(Items from a data source)

============

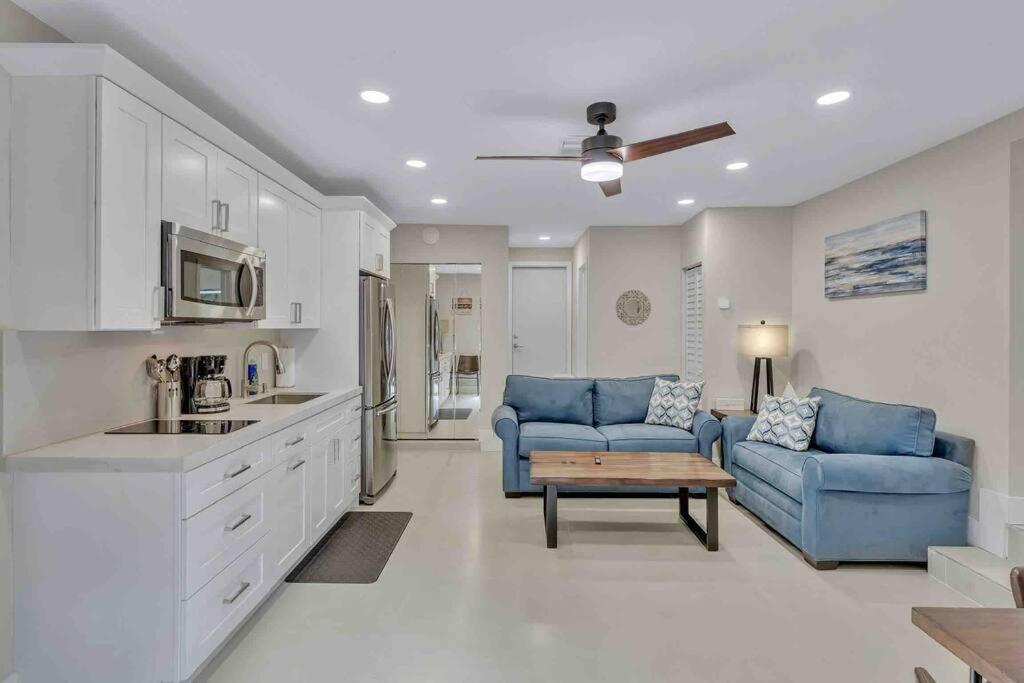 Villa Rare Hidden Getaway Heated Pool 1.5 Acres! Sleeps 16 à Fort Lauderdale Extérieur photo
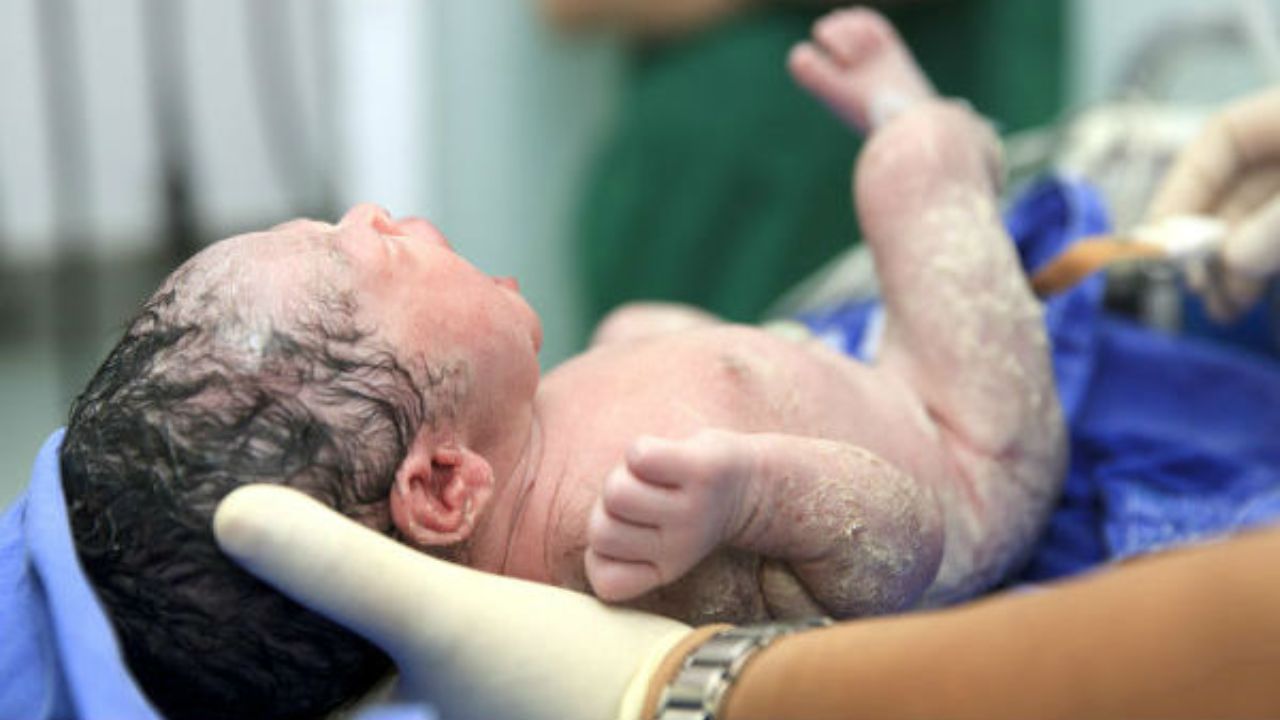 નોંધ : અહીં આપવામાં આવેલી માહિતી ફક્ત આપની જાણકારી માટે છે. કોઈ પણ ઈલાજ કરતાં પહેલા કે,અમલમાં લેતા પહેલા તબીબની સલાહ લેવી જરુરી છે.

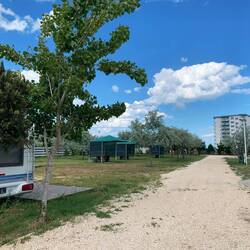 Unser Platz. Nicht sehr schön, aber direkt am Strand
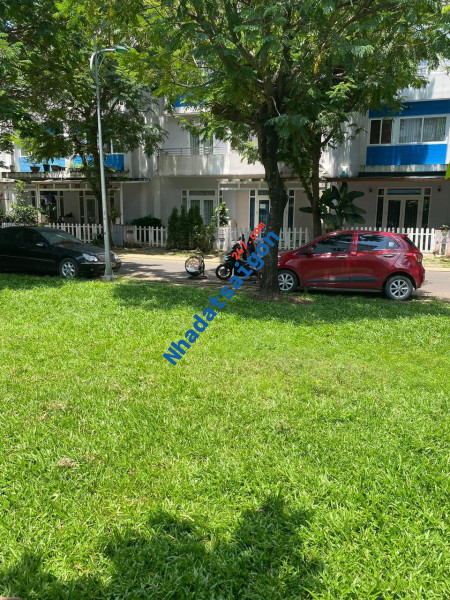 SHARE 1/2 MẶT BẰNG TRÊN LẦU 2 TẠI ĐƯỜNG HỒ THỊ KỶ, GẦN NGAY KHU PHỐ ẨM THỰC VÀ CHỢ HOA HỒ THỊ KỶ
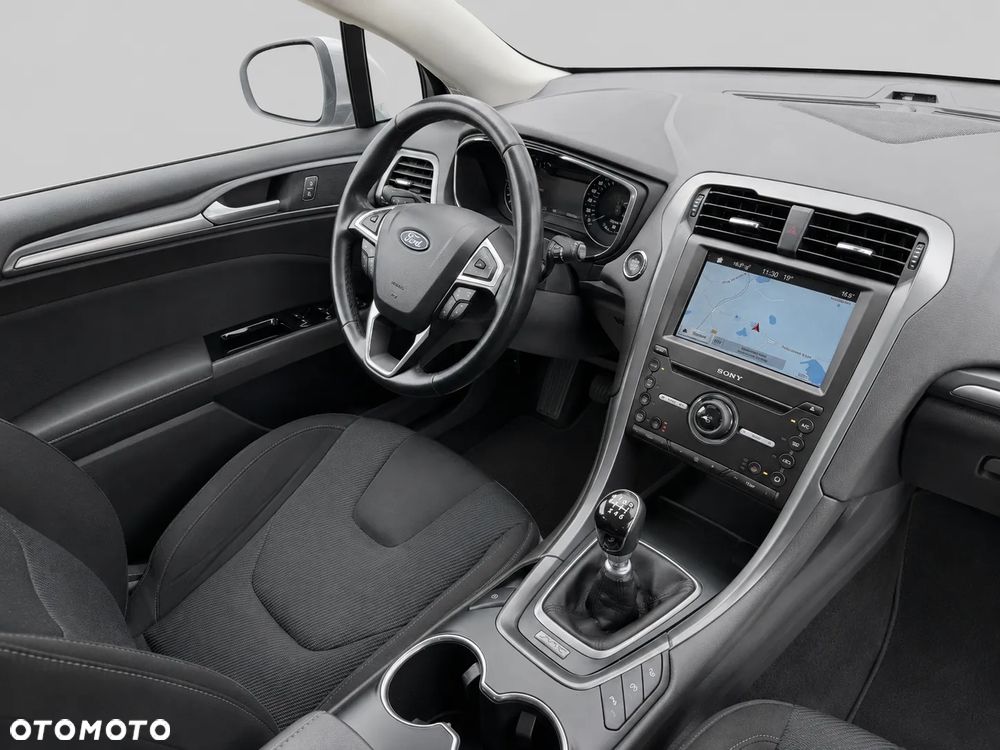Ford Mondeo 2.0 TDCi STart-Stopp Titanium - 17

============

What you should do -> Every entry must be reproduced exactly, with the images left out.

Task answer ->
 Villa Rare Hidden Getaway Heated Pool 1.5 Acres! Sleeps 16 à Fort Lauderdale Extérieur photo
 નોંધ : અહીં આપવામાં આવેલી માહિતી ફક્ત આપની જાણકારી માટે છે. કોઈ પણ ઈલાજ કરતાં પહેલા કે,અમલમાં લેતા પહેલા તબીબની સલાહ લેવી જરુરી છે.

 Unser Platz. Nicht sehr schön, aber direkt am Strand
 SHARE 1/2 MẶT BẰNG TRÊN LẦU 2 TẠI ĐƯỜNG HỒ THỊ KỶ, GẦN NGAY KHU PHỐ ẨM THỰC VÀ CHỢ HOA HỒ THỊ KỶ
Ford Mondeo 2.0 TDCi STart-Stopp Titanium - 17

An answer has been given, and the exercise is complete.